Cette rencontre avait pour objectif d’éclairer l’opinion publique sur les raisons ayant amené la BCT de relever le taux directeur de 75 points pour atteindre 5.75%. Cette mesure est supposée mettre fin à la progression inquiétante de l’inflation qui a atteint 7,1%, en février 2018, contre 6,4% en décembre 2017 et 4,6% seulement au même mois de l’année dernière. « Il n’y a pas plus dangereux que l’inflation » dit-il.
L’augmentation du taux directeur n’est pas inédite puisque depuis 2011, la BCT a procédé à 4 hausses du taux directeur effectuées entre 2012 et 2014. Selon Rym Kolsi, directeur de la politique monétaire à la BCT, ces mesures « ont permis de ramener le taux d’inflation de 5,8% en 2013 à 3,7% en moyenne en 2016 » Anticipant cette détente de l’inflation, la BCT a baissé son taux directeur, à la fin de 2015 pour soutenir la reprise économique.
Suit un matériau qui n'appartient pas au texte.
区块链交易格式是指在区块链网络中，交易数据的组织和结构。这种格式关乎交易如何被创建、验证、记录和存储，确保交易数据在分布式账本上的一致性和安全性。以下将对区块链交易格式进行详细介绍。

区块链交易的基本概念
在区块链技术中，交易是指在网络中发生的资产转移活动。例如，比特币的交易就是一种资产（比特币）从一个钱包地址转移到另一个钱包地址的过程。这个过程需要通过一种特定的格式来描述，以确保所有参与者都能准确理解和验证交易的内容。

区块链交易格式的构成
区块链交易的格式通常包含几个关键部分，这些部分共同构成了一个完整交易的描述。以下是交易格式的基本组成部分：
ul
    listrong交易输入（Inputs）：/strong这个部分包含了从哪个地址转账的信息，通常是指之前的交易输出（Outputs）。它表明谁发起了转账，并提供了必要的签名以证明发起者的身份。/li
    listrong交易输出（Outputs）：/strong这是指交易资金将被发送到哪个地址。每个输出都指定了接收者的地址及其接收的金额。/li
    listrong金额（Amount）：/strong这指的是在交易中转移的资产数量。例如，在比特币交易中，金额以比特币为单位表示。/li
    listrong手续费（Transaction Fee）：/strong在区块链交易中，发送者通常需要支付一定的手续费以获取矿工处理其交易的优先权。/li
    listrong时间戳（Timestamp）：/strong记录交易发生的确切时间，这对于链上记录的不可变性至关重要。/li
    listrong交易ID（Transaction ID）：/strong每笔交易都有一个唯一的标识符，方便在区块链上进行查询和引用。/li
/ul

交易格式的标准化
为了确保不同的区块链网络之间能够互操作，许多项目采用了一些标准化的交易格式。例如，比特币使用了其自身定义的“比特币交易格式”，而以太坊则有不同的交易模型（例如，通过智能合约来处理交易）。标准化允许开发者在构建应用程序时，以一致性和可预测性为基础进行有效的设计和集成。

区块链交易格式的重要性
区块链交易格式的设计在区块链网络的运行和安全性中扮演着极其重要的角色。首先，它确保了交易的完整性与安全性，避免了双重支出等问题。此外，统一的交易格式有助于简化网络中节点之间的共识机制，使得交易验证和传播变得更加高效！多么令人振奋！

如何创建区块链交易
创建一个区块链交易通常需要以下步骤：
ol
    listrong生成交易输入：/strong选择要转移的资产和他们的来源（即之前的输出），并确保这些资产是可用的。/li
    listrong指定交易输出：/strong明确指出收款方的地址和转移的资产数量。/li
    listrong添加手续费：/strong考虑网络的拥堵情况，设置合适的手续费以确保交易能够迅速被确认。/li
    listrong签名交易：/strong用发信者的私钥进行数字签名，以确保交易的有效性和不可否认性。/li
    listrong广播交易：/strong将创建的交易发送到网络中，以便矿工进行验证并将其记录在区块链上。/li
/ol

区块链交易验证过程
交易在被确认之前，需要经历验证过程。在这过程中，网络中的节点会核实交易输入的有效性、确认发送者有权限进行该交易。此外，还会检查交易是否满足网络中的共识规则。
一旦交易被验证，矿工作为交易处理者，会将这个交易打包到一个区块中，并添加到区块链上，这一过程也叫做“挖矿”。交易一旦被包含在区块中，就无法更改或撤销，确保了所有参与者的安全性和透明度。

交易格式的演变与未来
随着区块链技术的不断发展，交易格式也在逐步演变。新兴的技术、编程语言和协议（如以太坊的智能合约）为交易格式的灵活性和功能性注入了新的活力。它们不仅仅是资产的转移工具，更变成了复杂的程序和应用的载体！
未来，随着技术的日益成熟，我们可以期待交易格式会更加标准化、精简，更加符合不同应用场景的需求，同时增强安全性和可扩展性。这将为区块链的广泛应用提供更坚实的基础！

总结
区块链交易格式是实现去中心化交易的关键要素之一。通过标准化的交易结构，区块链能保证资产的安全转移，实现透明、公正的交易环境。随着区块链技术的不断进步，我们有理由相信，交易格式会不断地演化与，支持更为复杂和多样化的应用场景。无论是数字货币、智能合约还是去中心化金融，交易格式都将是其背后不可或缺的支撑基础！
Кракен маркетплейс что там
Sauf que nous nous retrouvons dans la même situation que 2013 mais avec une inflation plus conséquente. Dans cette même politique d’anticipation de l’inflation qui pourrait atteindre les deux chiffres dans les mois à venir, la BCT a encore agi à travers son seul instrument qui est le taux directeur d’où cette augmentation de 75points.
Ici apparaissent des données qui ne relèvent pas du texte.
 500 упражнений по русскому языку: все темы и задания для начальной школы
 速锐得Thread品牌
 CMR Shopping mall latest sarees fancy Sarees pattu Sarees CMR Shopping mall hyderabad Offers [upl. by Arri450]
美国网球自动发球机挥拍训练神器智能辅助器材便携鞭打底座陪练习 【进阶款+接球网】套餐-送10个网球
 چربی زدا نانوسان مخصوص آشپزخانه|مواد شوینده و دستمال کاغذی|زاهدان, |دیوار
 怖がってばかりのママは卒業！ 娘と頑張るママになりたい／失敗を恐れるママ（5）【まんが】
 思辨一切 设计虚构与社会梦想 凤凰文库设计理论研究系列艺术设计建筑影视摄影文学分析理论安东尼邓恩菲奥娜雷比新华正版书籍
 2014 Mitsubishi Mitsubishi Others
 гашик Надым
Selon Mme Rekik, l’inflation continuera sa progression durant cette année 2018 pour atteindre 7.2% en moyenne. Par contre l’effet de l’augmentation du taux directeur sera ressenti vers la fin de 2019 pour une inflation de 5 à 6%.
Les économistes trouveront les arguments du gouverneur de la BCT peu convaincants. Tout d’abord il faut rappeler que cette mesure n’est qu’une consigne du Fonds Monétaire International qui continue à pousser le gouvernement dans sa politique de reforme. La reforme est la condition sine qua none pour avoir l’approbation du FMI pour la troisième tranche du crédit. Rien n’est encore sûr et il faut attendre le conseil d’administration du FMI qui en décidera d’ici la fin de ce mois de mars.
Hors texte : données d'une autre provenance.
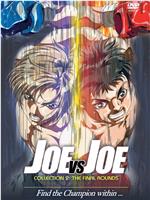 Joe vs. Joe Vol. 4-6
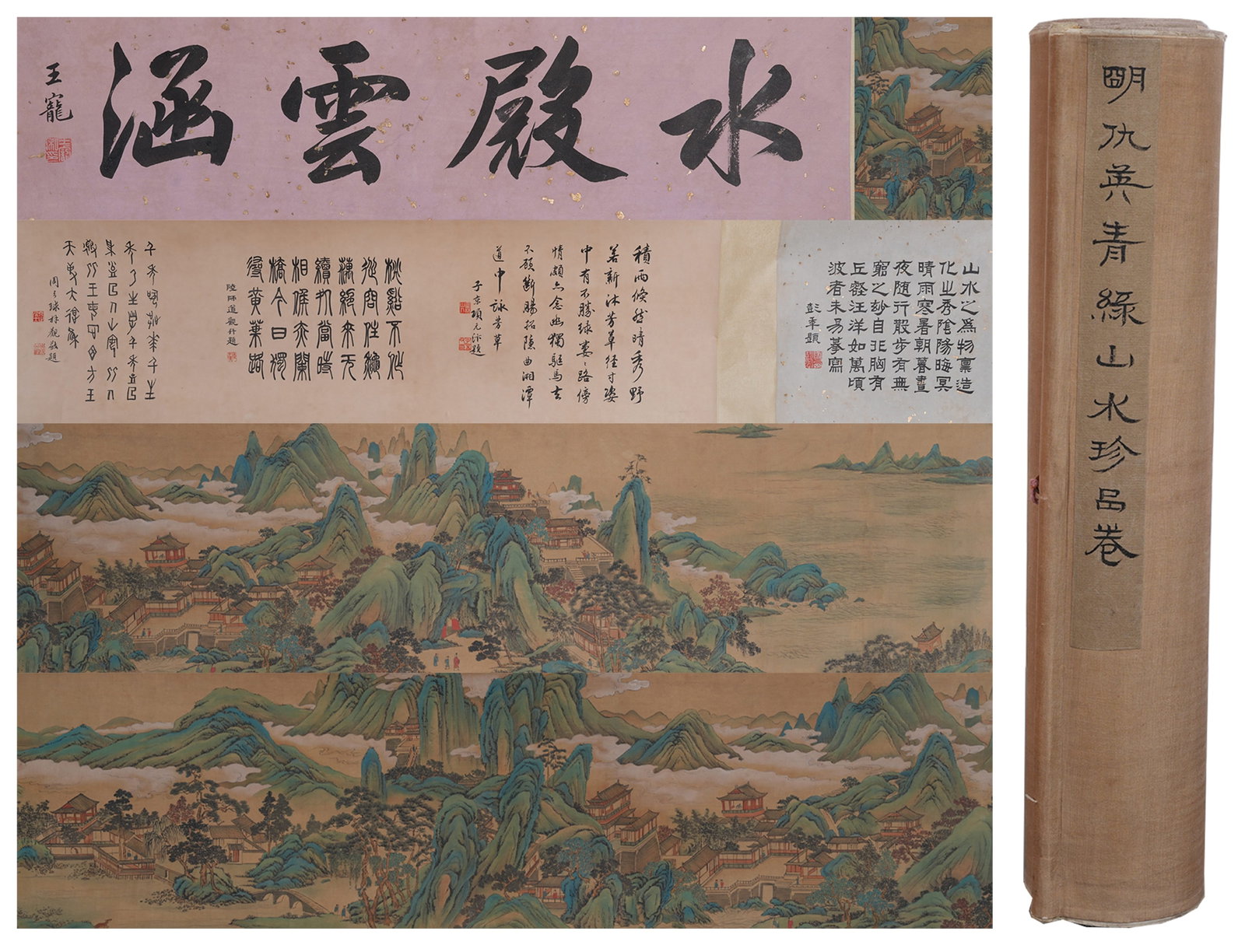 A GREEN LANDSCAPE PAINTING HANDSCROLL ON SILK BY QIU YING.仇英: Green Landscape Painting Handscroll on Silk by Qiu Ying.仇英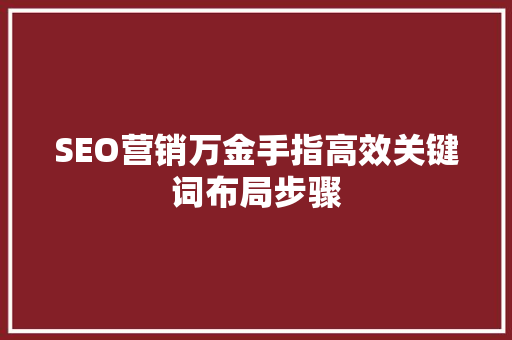 SEO营销万金手指高效关键词布局步骤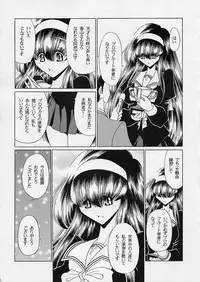 (C68) [Circle Taihei-Tengoku (Horikawa Gorou)] Ochibure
Par ailleurs, les économistes diront que cette mesure d’augmenter le taux directeur serait néfaste pour les exportations d’une part et pourrait avoir un impact contraire sur l’inflation. Tout d’abord l’augmentation du taux d’intérêt pourrait avoir un impact sur les exportations des PME puisque celles-ci seront obligées d’augmenter leurs prix à l’export pour compenser les taux d’intérêts. Conséquence directe elles ne seront plus compétitives sur le marché international. Quant aux PME locales, elles compenseront cela en augmentant les prix de leur production sur le marché local, d’où une éventuelle envolée de l’inflation. Marouan Abassi aura un point de vue différent car il pense que le souci des PME n’est nullement le taux d’intérêt mais plutôt l’accès au crédit, difficile de nos jours. Le gouverneur a voulu interpeler les médias et même le gouvernement sur d’autres événements, sources d’inquiétudes et causes de la détérioration de la situation économique que nous vivons actuellement. Il s’agit du double déficit et de la balance des payements et du budget. « Il faut arrêter cette hémorragie en prenant les bonnes décisions ». Le gouverneur a cité entre autre ce qui se passe à la CPG et les millions de dinars que nous perdions à cause de cette situation. Le gouverneur de la BCT a mis le doigt sur les maux dont souffre notre économie depuis 2011 et sur l’incapacité du gouvernement à prendre les bonnes mesures pour y remédier. Quant à son mandat et qu’il soit assis sur un siège éjectable qui l’empêcherait éventuellement de prendre les décisions qui pourraient venir à l’encontre de la politique actuelle de demi-mesure. Marouan El Abassi dira que son siège éjectable ou pas, il s’est mis un agenda qui déterminera ses actions : le court terme de trois mois, le moyen terme de six mois et le long terme d’un an.